The effectiveness of the circuit is measured on a daily basis. Professionals take concrete steps to ensure care in Basque: “I visit hospitalized patients every day and if they have identified the language in which they want to be cared for, it is very easy,” said Valencia. So if you want attention in Basque – among other things, you put it on the slates above the bed – you do it directly in Basque. On the contrary, if there is no identification, the doctor first addresses himself in Euskera: “I greet you in Basque and we play based on your response. If he answers in Basque, we continue like this, and if not, we ask him what he prefers,” said Valencia.

The appearance of the linguistic option on the board does not occur on all floors. This is a measure taken in the rehabilitation unit, within the reflection process: “If it is done on the other floors it is by imitation, because we have expanded it, but it was proposed by the nurses here in the elaboration of the circuit,” said the head of Euskera.

They also have other measures: “When we see a patient and decide which therapy he needs, we give a record to the workers of that therapy. In the case of Euskaldunes patients, we place a stamp on the medical record, if possible to ensure care in Euskera in the therapy”, explains Valencia.

Maeztu has pointed out that an “e” in the clinical history can also be used to select the Basque language. Igone Esnaola, head of the apartment, is dedicated to them: “I see every day all the hospitalizations and if I see that he has an “e” in the medical record, I go to the blackboard that is next to his bed. It’s usually put, because nurses have taken the habit.” The supervisor also tries to alert the workers. He says that there are many changes of people on the floor, as far as nurses are concerned, and he always reminds them that on the last page of the leaflet that gives the instructions there are indications about the Basque country, “that you have to take good care”. The rehabilitation plant is frequented by workers who have a booklet to give details: “On the back page there are explanations about Euskera, and we tell them to look at them.”

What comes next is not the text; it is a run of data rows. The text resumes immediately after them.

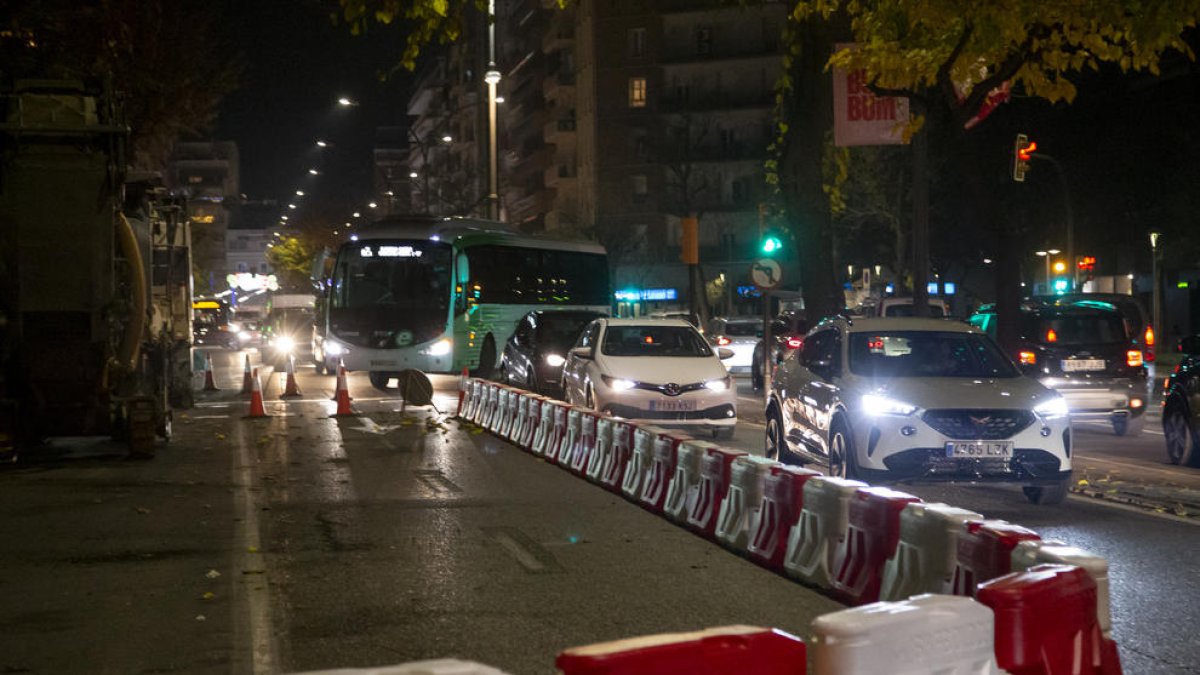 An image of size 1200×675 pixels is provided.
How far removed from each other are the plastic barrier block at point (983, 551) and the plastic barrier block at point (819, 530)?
5.08 ft

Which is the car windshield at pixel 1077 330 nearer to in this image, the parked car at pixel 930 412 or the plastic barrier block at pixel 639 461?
the parked car at pixel 930 412

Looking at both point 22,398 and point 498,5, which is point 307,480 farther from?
point 498,5

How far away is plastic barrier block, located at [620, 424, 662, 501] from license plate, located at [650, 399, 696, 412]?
5.76 meters

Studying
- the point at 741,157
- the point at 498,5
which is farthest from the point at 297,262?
the point at 741,157

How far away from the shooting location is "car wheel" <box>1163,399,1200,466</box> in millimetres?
16312

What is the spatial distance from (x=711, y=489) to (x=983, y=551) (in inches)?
178

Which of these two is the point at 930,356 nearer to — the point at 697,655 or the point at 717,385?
the point at 717,385

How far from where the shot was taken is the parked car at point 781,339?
31703 millimetres

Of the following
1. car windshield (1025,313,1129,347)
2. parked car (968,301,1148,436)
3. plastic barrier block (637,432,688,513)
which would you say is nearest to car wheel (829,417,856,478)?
plastic barrier block (637,432,688,513)

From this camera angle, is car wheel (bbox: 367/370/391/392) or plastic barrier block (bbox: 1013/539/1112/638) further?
car wheel (bbox: 367/370/391/392)

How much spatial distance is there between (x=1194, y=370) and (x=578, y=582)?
992 centimetres

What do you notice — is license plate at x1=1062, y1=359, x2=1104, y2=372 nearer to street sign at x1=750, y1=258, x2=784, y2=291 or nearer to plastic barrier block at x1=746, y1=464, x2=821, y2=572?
street sign at x1=750, y1=258, x2=784, y2=291

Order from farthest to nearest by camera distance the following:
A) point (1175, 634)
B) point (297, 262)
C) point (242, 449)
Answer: point (297, 262)
point (242, 449)
point (1175, 634)

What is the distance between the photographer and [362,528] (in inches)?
460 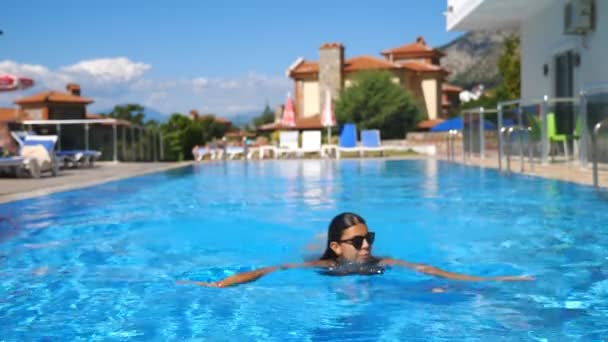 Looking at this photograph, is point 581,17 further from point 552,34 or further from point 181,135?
point 181,135

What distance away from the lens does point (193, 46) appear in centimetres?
4628

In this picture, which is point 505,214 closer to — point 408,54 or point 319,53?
point 319,53

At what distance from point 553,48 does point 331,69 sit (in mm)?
36515

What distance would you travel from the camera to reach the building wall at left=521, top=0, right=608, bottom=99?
41.8 ft

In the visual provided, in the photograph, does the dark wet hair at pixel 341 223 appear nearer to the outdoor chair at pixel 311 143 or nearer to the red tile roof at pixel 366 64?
the outdoor chair at pixel 311 143

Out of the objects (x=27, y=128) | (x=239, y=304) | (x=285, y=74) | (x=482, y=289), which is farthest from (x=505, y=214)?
(x=285, y=74)

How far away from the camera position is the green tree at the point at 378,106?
151 feet

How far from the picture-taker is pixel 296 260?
5469 millimetres

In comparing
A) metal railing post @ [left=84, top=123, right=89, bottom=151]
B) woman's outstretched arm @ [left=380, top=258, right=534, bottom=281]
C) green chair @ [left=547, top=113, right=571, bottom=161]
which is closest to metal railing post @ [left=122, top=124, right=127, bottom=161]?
metal railing post @ [left=84, top=123, right=89, bottom=151]

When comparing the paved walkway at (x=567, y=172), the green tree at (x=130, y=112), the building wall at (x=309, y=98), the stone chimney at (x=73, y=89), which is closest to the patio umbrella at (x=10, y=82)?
the paved walkway at (x=567, y=172)

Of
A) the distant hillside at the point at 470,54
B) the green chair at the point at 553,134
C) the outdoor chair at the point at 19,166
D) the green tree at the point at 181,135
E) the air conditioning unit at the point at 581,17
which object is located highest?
the distant hillside at the point at 470,54

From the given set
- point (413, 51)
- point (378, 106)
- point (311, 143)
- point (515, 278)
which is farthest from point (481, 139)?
point (413, 51)

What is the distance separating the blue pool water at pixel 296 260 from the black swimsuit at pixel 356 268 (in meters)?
0.06

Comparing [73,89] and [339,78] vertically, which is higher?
[339,78] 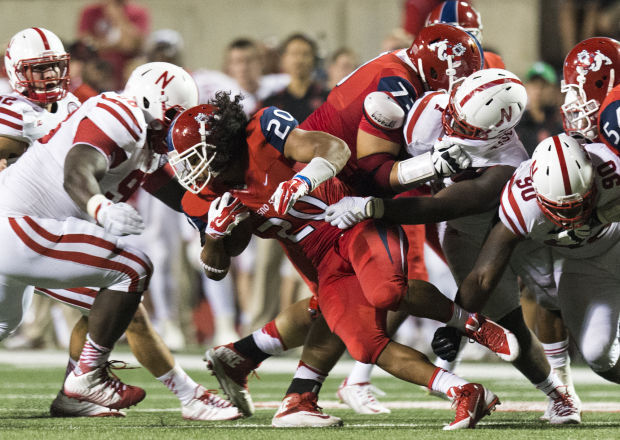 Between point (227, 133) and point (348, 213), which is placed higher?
point (227, 133)

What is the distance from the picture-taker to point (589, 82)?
4.94m

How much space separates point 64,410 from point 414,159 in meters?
1.82

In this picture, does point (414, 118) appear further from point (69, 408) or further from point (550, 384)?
point (69, 408)

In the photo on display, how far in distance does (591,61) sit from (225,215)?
1798 mm

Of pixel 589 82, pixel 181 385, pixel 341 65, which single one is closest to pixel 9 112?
pixel 181 385

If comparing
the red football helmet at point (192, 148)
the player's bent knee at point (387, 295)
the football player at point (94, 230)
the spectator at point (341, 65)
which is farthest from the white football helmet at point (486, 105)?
the spectator at point (341, 65)

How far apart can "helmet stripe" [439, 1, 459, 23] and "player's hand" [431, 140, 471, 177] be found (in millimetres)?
1543

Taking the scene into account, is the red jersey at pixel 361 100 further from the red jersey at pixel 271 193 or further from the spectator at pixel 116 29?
the spectator at pixel 116 29

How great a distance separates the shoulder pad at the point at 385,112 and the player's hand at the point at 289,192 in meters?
0.74

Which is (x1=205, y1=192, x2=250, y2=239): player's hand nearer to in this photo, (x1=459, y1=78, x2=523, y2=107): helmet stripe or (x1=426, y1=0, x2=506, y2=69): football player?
(x1=459, y1=78, x2=523, y2=107): helmet stripe

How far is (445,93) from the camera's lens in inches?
191

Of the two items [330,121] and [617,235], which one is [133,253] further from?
[617,235]

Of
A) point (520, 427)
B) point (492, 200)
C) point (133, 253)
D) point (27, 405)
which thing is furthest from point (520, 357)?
point (27, 405)

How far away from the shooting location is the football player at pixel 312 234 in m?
4.20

The use of Euskera is not much demanded by the users. Many times, because of ignorance. Even so, Zuloaga has underlined that once they are presented with the bilingual circuit they make a very positive assessment: “If there were prejudices and they knew they had the opportunity to speak in Basque, they would ask for more.” The four agree that the Basque language has been more widely used since the beginning of the circuit: “The circuit is composed of very small details, but the change is total,” concluded Esnaola.